If you’re anything like me, you may have spent years trying to decide what genre you belong to.
Romance? Women’s fiction? Paranormal? Mystery? Cosy?
For a long time, I tried to squeeze my books into one of those categories. Some of them had ghosts, some had time travel, some were mysteries, and some were simply stories about women rebuilding their lives.
Eventually, I realised that I wasn’t really writing to a genre at all.
I was writing to a tone.
The tone stayed the same even when the ingredients changed. The stories were always character-driven, usually a little wry, and often about women sick of being sensible, ready to reclaim their lives.
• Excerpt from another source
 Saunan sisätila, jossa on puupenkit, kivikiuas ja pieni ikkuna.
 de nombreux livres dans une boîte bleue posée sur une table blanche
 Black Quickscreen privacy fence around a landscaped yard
Sometimes a ghost helped. Sometimes a time slip. Sometimes nothing magical happened at all.
But the story's flavour was always recognisable.
Once I stopped trying to force my books into one rigid category and instead focused on the tone of the stories I write, everything became much clearer.
And much easier to describe.
So if you’re a writer who has been tying yourself in knots trying to decide exactly where you fit on the genre shelves, it might be worth asking yourself a different question.
What if you’re not a genre at all?
What if you’re simply a tone?
Of course, when you upload your books to retailers, you still have to choose categories. The bookshops need their shelves, even if they’re digital ones.
But the best advice I can give is not to let those shelves dictate the kind of stories you write.
Choose the categories that seem closest, help readers find you, and then concentrate on writing the stories that feel natural in your own voice.
Because in the end, many readers don’t fall in love with a category.
They fall in love with a voice.
For what it’s worth, the description I eventually settled on for my own books is this:
Witty British fiction about women who are sick of being sensible.